--- START ---

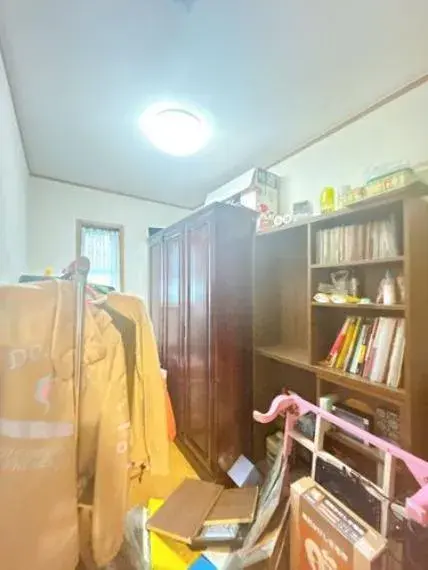 5SLDK Property Noda City Chiba Prefecture (25)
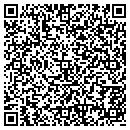 QR code with Ecoscphere contacts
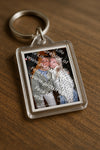 Evenement foto: Serie 2070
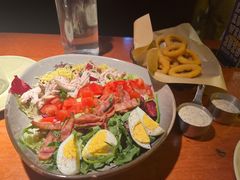 -火鬼 PYRO(五道口店)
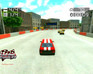 play Myanmar Car Racing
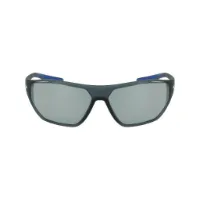 Nike Sonnenbrille Aero Drift Unisex Nike Sonnenbrille Aero Drift Unisex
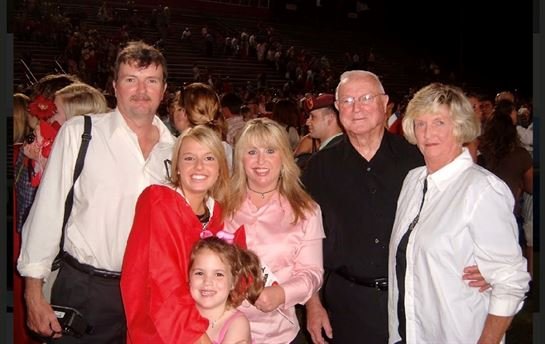 Barbara Taylor - Photo 44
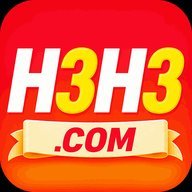h3h3irzsouoy
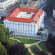 Photos Voenniy Sanatoriy
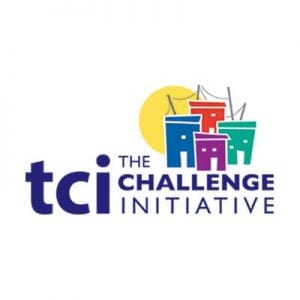 Tci Challenge Initiative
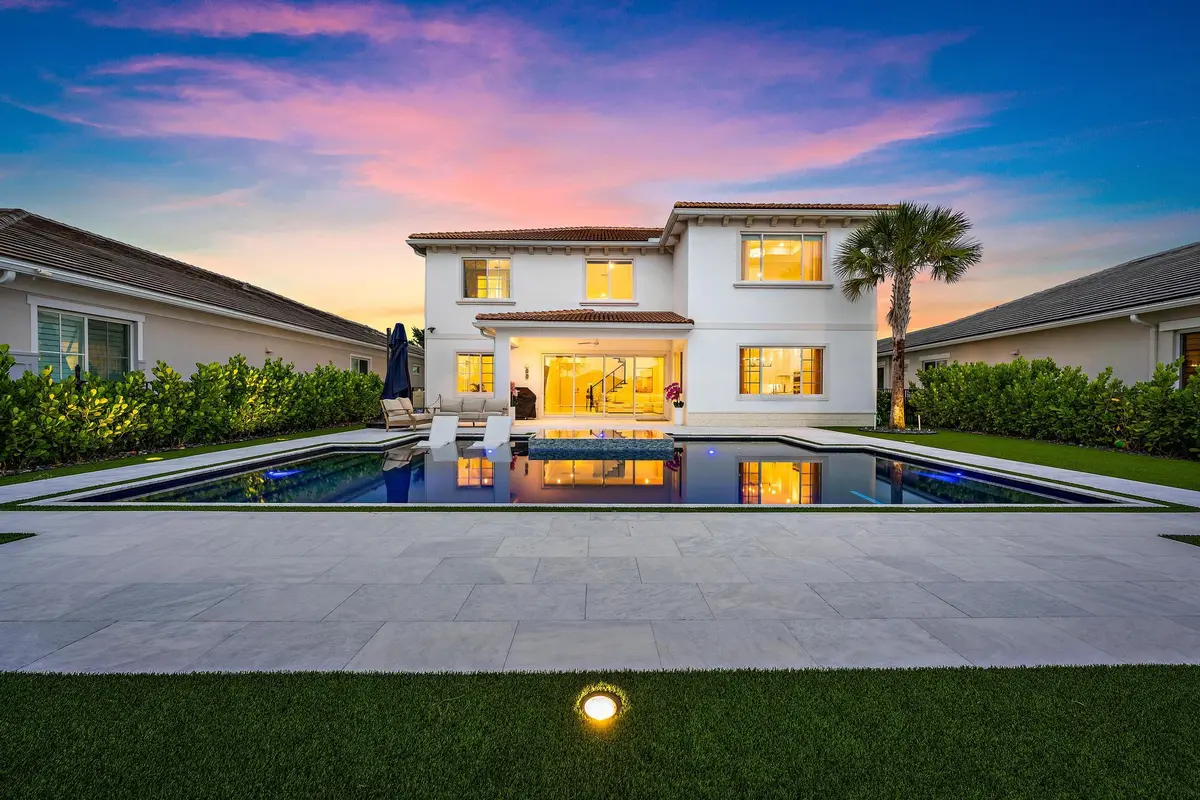 12115 Waterstone Cir-9 at 12115 Waterstone Circle, Palm Beach Gardens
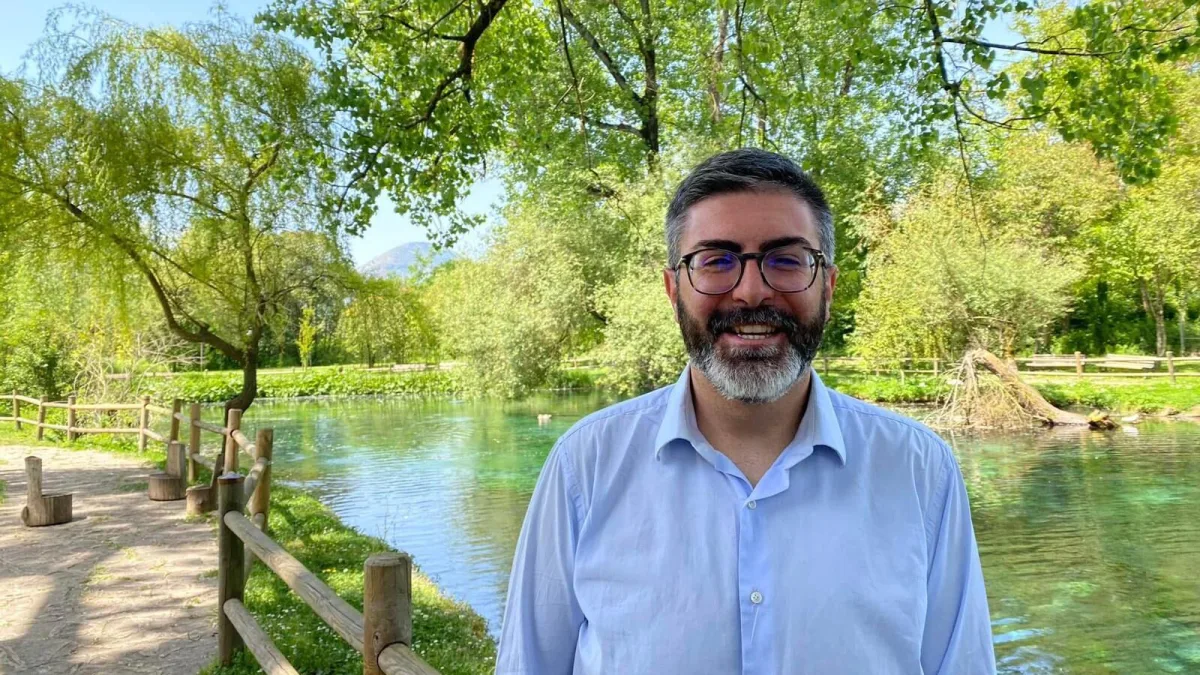 Federazione Pd, il segretario Migliorelli assegna le deleghe e annuncia un’assemblea programmatica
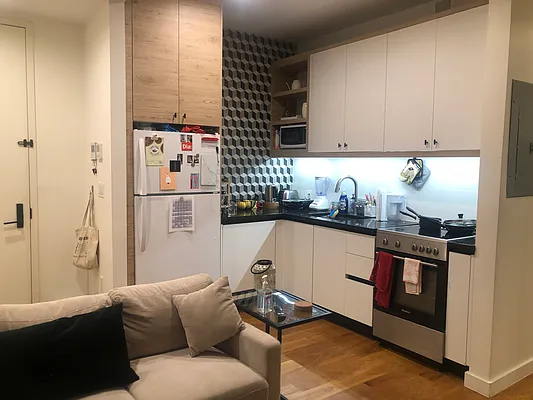 Rented by Rentopia | media 63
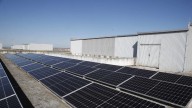 El ‘boom’ del autoconsumo de energía solar dispara la producción en 5 años en Castilla y León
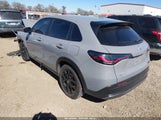 Honda Hr-V 2Wd Sport/2Wd Sport W/O Bsi 3CZRZ1H53RM758258 photo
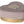Maileg, Tooth Box, Small - Heather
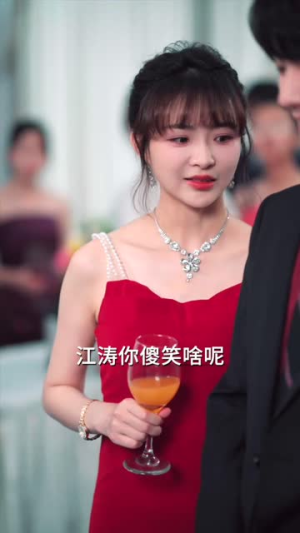 我有吹牛成真系统第3番 (82集)超好看的短剧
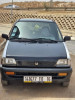 Suzuki Maruti 800 2011 Maruti 800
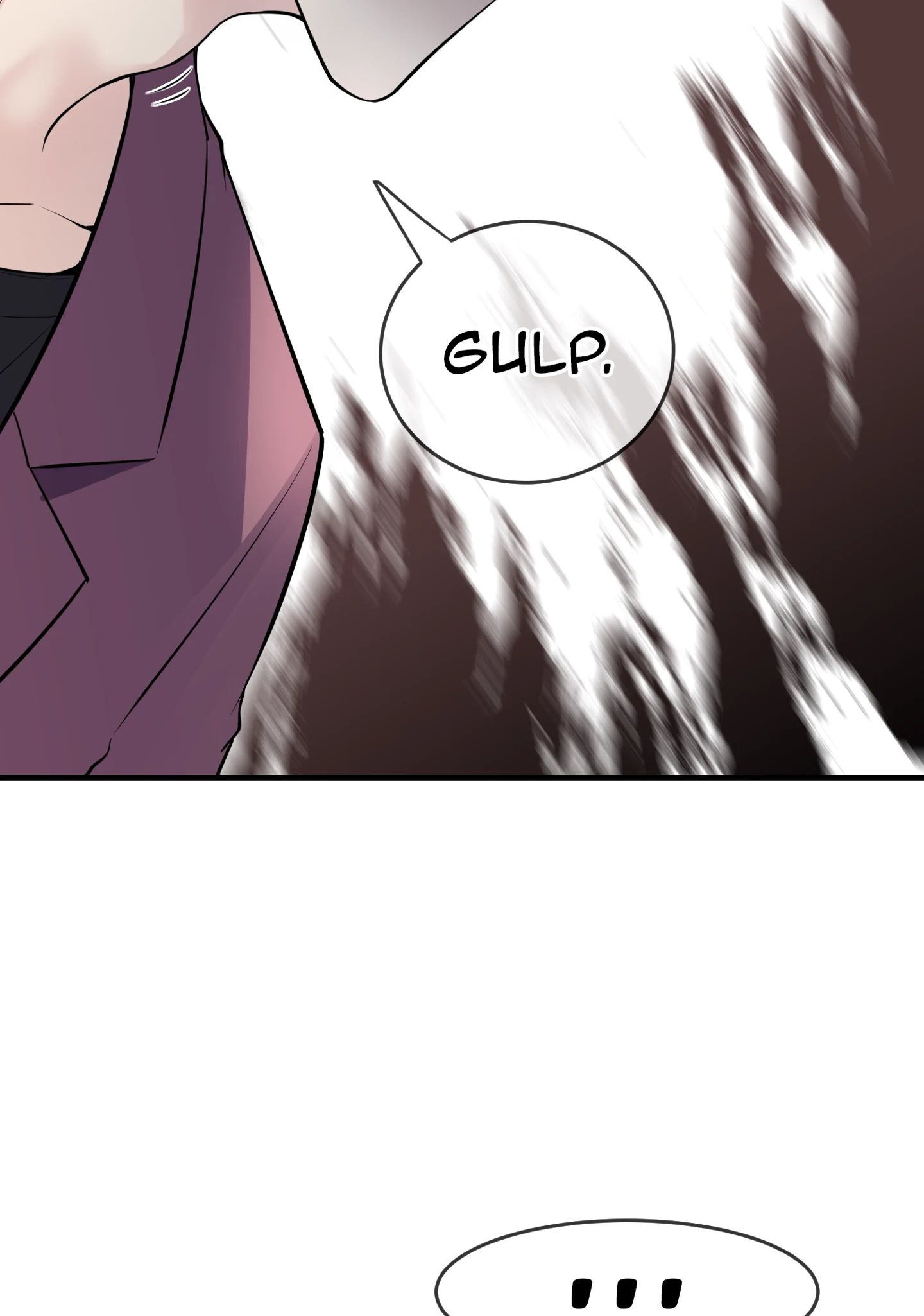Read Haunted House chapter 31 image 42 on Lezhin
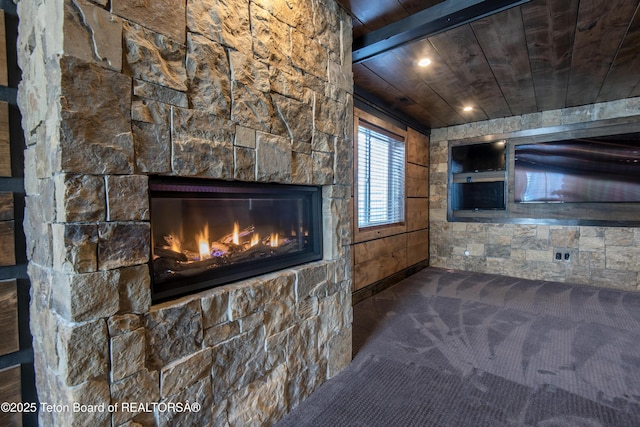 398 Palisade Trl, Driggs, ID 83422 - photo 29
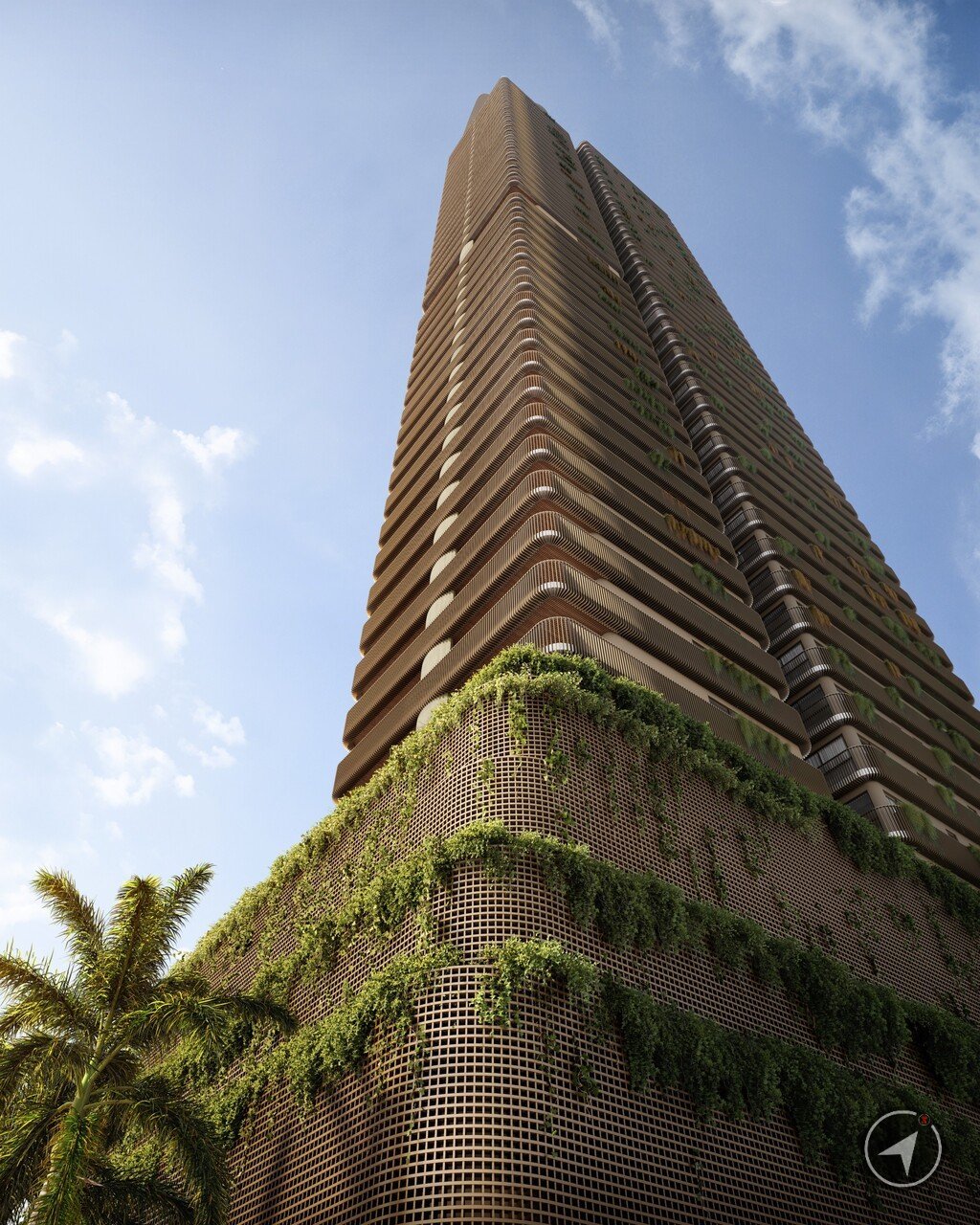 010_fachada.jpg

--- END ---

**Task prompt**
Starting at the line that contains "play Myanmar Car Racing" and ending at the line that contains "12115 Waterstone Cir-9", transcribe the material above exactly, excluding pictures.

**The completed task**
 play Myanmar Car Racing
 Nike Sonnenbrille Aero Drift Unisex Nike Sonnenbrille Aero Drift Unisex
 Barbara Taylor - Photo 44
h3h3irzsouoy
 Photos Voenniy Sanatoriy
 Tci Challenge Initiative
 12115 Waterstone Cir-9 at 12115 Waterstone Circle, Palm Beach Gardens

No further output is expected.